Information provided:
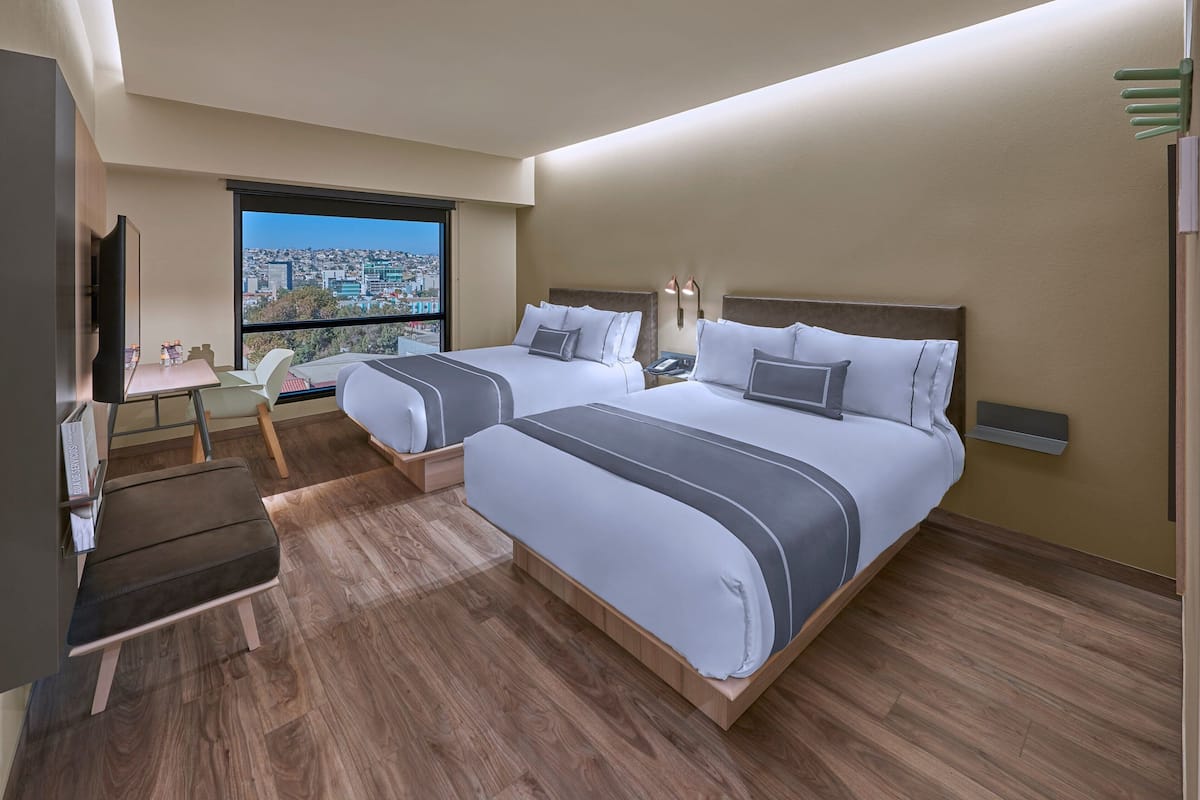 Habitación de hotel moderna con dos camas, un escritorio y un ventanal grande con vistas a la ciudad.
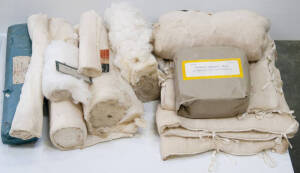 Trio of padded chest jackets and eight absorbent bandages, gauze and lint.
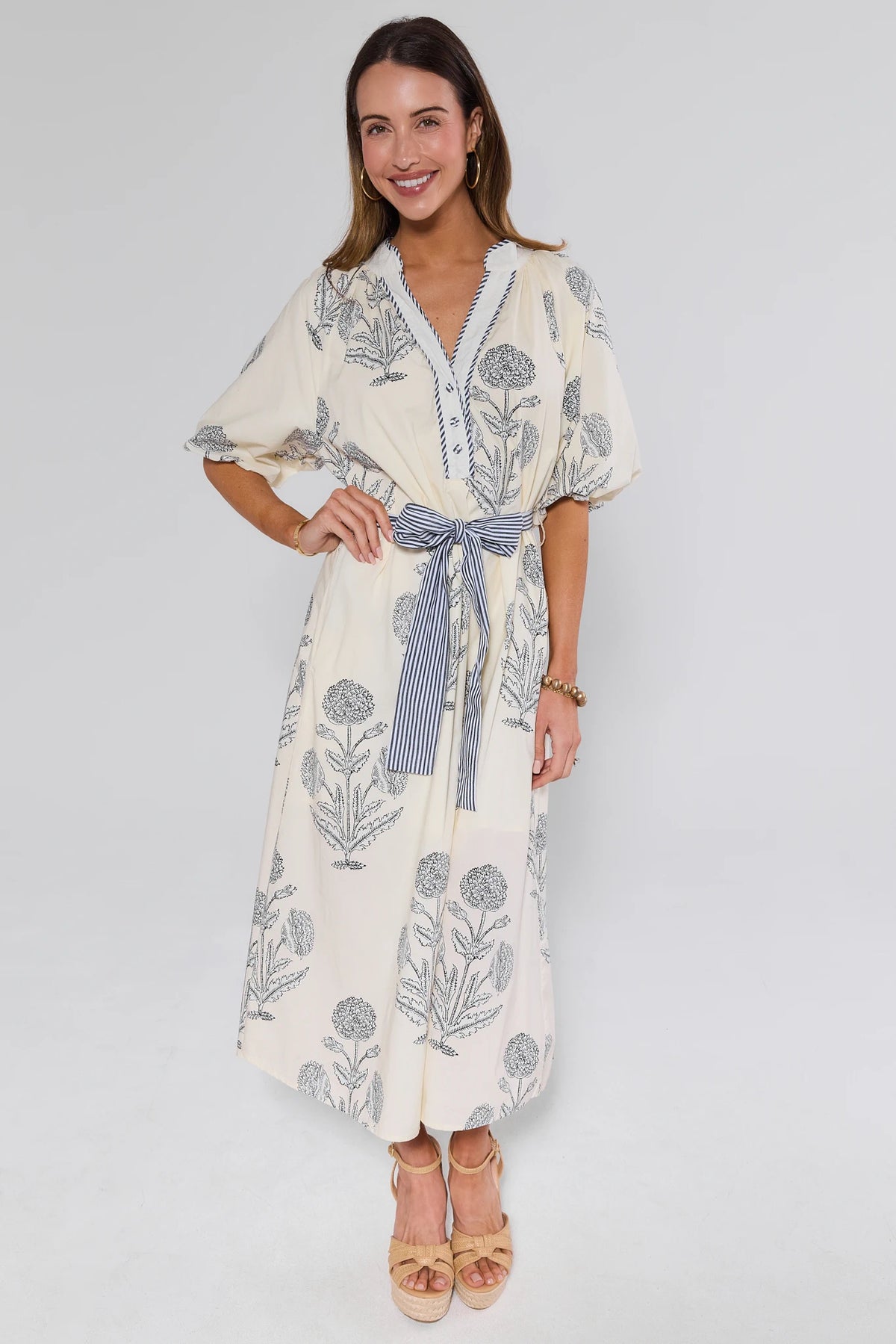 Woman wearing a floral dress with a white background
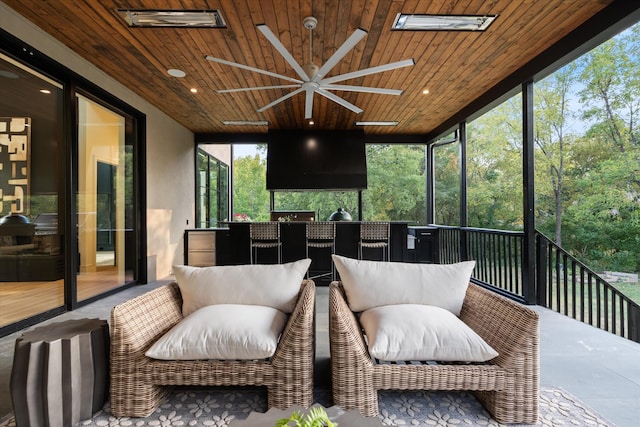 sunroom with wood ceiling and visible vents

Description of the task:
Beginning with the line that includes "Trio of padded" and ending with the last line of the material, reproduce those lines exactly and nothing else, with no pictures.

Answer to the exercise:
 Trio of padded chest jackets and eight absorbent bandages, gauze and lint.
 Woman wearing a floral dress with a white background
 sunroom with wood ceiling and visible vents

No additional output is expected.